Nicholas Browning

The Meaning in Nothing

Someone softly speaks, across the hall - I can hear

The sweetness in their tone, as it strokes the chandelier.

There seems to be some care, in the quiet rendezvous,

While I sit and listen, to the words, passing through.

 

A parting cloud has graced the ground, and now

I see the light of day again, through the window, and around.
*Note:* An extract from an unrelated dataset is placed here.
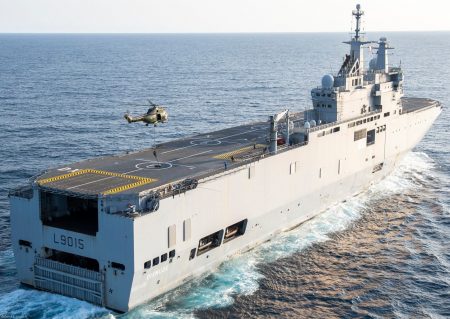 Δεύτερο ελικοπτεροφόρο πλοίο στα ανοιχτά της Γάζας στέλνει η Γαλλία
It spreads throughout the building, encouraging optimism,

Shade has been forgotten, yet invented in its revision.

 

Birds outside have come to bathe, in their tiny water dish,

Fluttering like new leaves in spring, with no single thing amiss.

Now clean, they fly away, to a place no mind can stray,

Leaving feathers as remembrance while the joy they spread fades.

 

In knowing lies complication, in expecting, and in truth,

Consideration given to others is not always returned.

Old frustrations and fresh worries, in spite of the lessons learned,

Are lost upon an audience, both degenerate, and uncouth.

 

The sorrow a heart is given, seeps, and begins to split,

So once a heart knows, even mended, it never forgets.

Ambiguity may be the cure, dissonance mayhaps the cause,

But what can be said for certain, in the meaningless quandary,

Of love and its beauty, of affection and its appeal -

Is that love is appreciation, as it is a throbbing scar,

And that affection is the verse completed, but left unfinished;

It is kindness without sincerity: the fictional memoir.